Technical issues mean that the usually poor standard of photography on this blog has sunk to an all time low in this post. I forgot my phone and had to yank my younger son's ipod off him whenever I wanted to take a picture. As a result you have been spared illustration of the following dead animals: a flat hedgehog, a partially decomposed rook and an adorable mouse that looked like it had been posed for a Beatrix Potter stop-motion animation.
For this section, my son and I rechristened the path the JM-Dub because I think ornery, old mountain men might spin in their graves if you put their names to busy urban routes like this.
But these routes might be the most important of all. They are the ones that present the opportunity for huge numbers of city dwellings to get off the road and walk; to see plants and animals, hills and water; to carry on to the West Highland Way; to keep going until they get to the wild places.
Always making time to stop and eat, of course. We had squidgy cakes from the Water of Leith Visitor Centre under Slateford Aqueduct where the canal crosses the river and the path descends.

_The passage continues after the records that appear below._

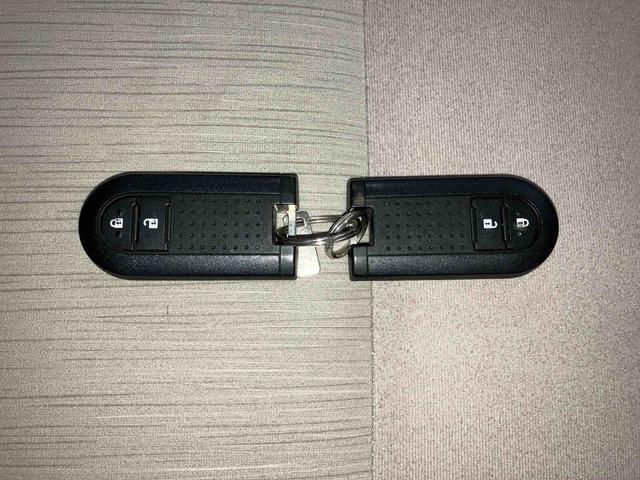 キャスト スタイルX SAIII (車内 消臭・抗菌 処理済) 衝突被害軽減システム 4WD ナビ アルミホイール(18枚目)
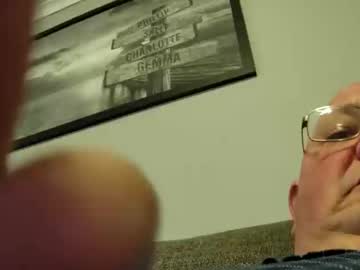 Focusfuker Chaturbate stream image from February 16, 2025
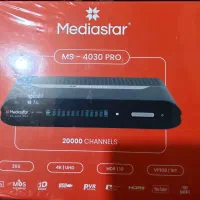 فروش و نصب آنتن|خدمات پیشه و مهارت|تهران, جردن|دیوار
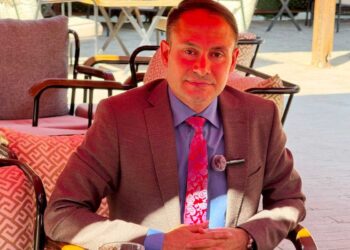 Konya’dan İsveç seçimleri için sandık çağrısı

The route continues along the river, past many examples of that wonderful British shanty garden: the allotment. I searched for the Budgie Graveyard I found nearby, when my son and I were walking the whole Water of Leith Walkway some years ago, but couldn't find it.
After a slushie in Slateford skatepark we went up Corstorphine Hill for lunch.

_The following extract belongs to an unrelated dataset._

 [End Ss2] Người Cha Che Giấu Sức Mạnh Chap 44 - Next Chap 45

Apparently Corstorphine Hill is Edinburgh's largest public woodland. This is where they hide all the trees that are painfully absent on my side of town. And, consequently, the badgers. I've never seen a badger in the wild. I did see three jays on the hill though - like hedgehogs, they were relatively common where I grew up, but I hadn't seen one since I moved to Scotland.

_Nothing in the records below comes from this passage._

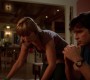 612Smallville0930.jpg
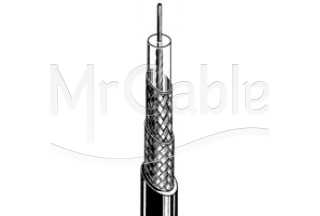 Фото Canare L-5D2W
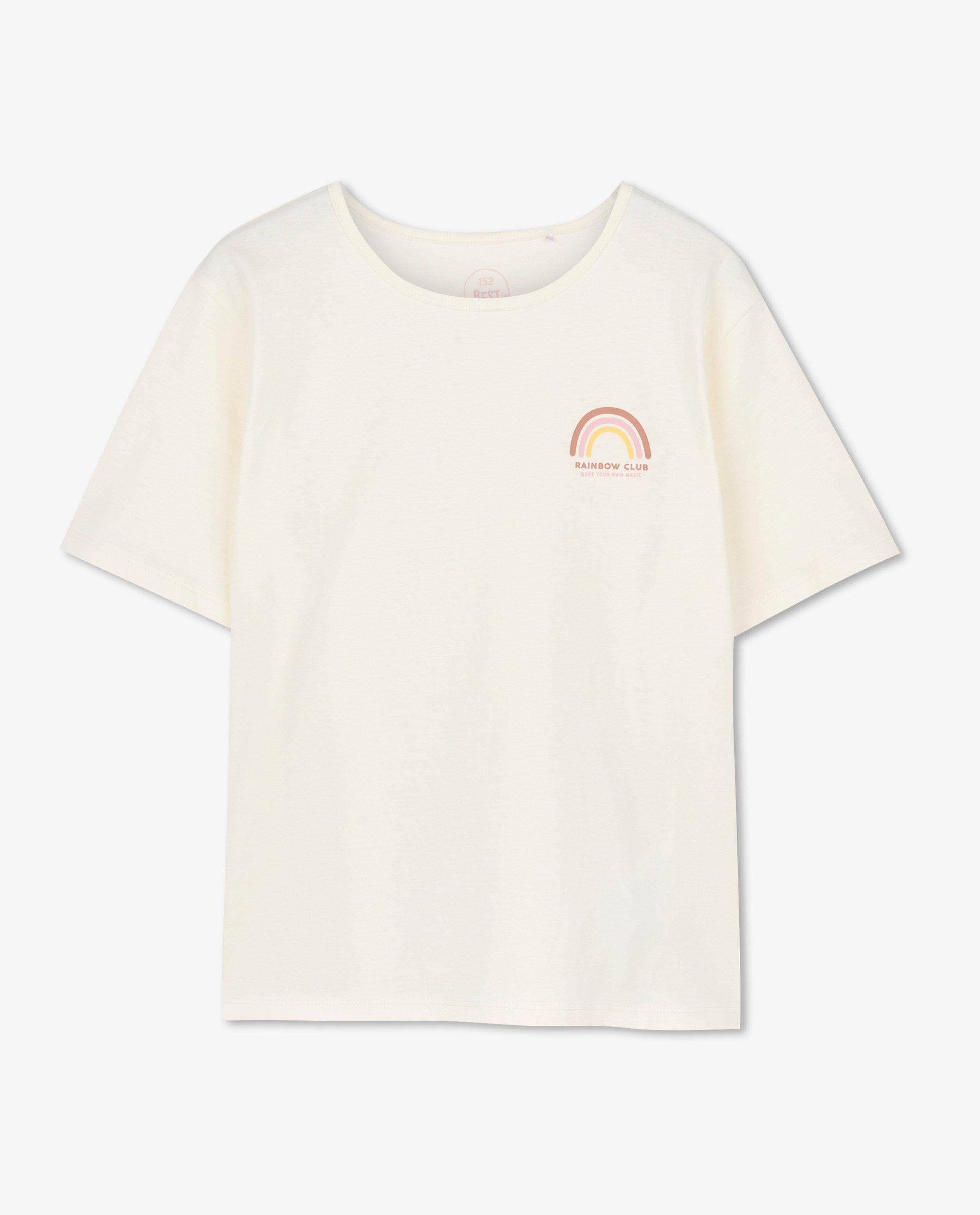beige clair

Also zebra and antelope. Ok, those were on the other side of the zoo fence...
There is a walled garden that I had no idea existed, which are the best kind.
Then it was back to the tarmac until the River Almond at Cramond.
The path skirts around the Dalmeny Estate of wheat fields, woodland and shoreline.
It was a beautiful day so there were a few families at the little beaches but we had the path largely to ourselves.
This is Eagle Rock though there doesn't seem to be a wealth of evidence to suggest the Roman eagle carving is actually Roman. Or even an eagle.
South Queensferry was packed with people taking the boat trip to Inchcolm Abbey. My son consumed his requisite double-scoop ice-cream and we caught the train home, exhausted. This section was sixteen miles or so, the same as the others, but seemed much longer. I'm not sure if this was because so much of it is through busy areas, which feel draining, or because my legs were still recovering from Ben Nevis with my other son three days ago. We have a couple of days rest before the next sixteen miles to Linlithgow.